You get this backwards. Tabular structured data to store are ubiquitous. Text as a file format is also ubiquitous because it is accessible. The only actual decisions are about whether to encode your variables as rows or columns, what is the delimiter, and other rules such as escaping etc. Vars as columns makes sense because it makes appending easier. There is a bunch of stuff that can be used for delimeters, commas being the most common, none is perfect. But from this point onwards, decisions do not really matter, and "CSV" basically covers everything from now on. "CSV" is basically what comes naturally when you have tabular datasets and want to store them in text. CSV tooling is developed because there is a need for this way of formatting data. Whether CSV is "good" or "ugly" or whatever is irrelevant, handling data is complicated as much as the world itself is. The alternatives are either not structuring/storing the data in a tabular manner, or non-text (eg binary) formats. These alternative exist and are useful in their own right, but don't solve the same problems.
There are at least 3 knobs to turn every time you want to parse a CSV file. There’s reasonably good tooling around this (for example, Python’s CSV module has 8 parser parameters that let you select stuff), but the fact that you have to worry about these details is itself a problem.

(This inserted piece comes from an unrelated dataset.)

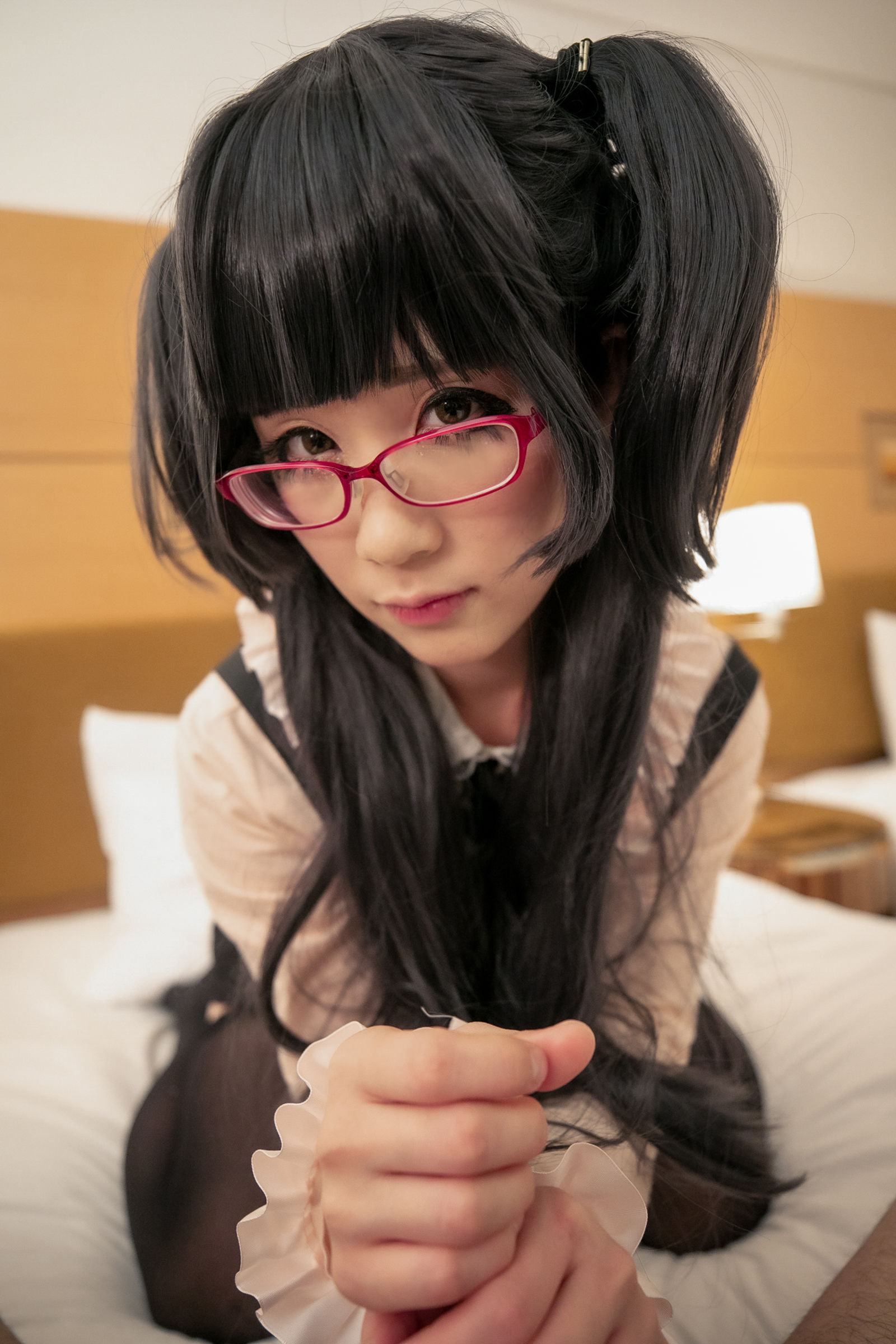 [PB写真集]   北見えり サポート希望!ふゆのP活！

You said “handling data is complicated as much as the world itself is”, and I 100% agree. But the really hard part is understanding what the data means, what it describes. Every second spent on figuring out which CSV parsing option I have to change could be better spent actually thinking about the data.
Apple macOS has had to invest enormous amounts...
Pick your distro of Linux has had to invest enormous amounts...
None of them a perfect and any number of valid complaints can be said about any of them. None of the complaints make any of the things useless. Everyone has workarounds.
Hell, JSON has had to invest enormous amounts of effort...
Want to do the same with csv? Good luck. Delimiter? Configurable. Encoding? Configurable. Misplaced comma? No parse in JSON, in csv: might still parse, but is now semantically incorrect and you possibly won’t know until it’s too late, depending on your parser. The list goes on.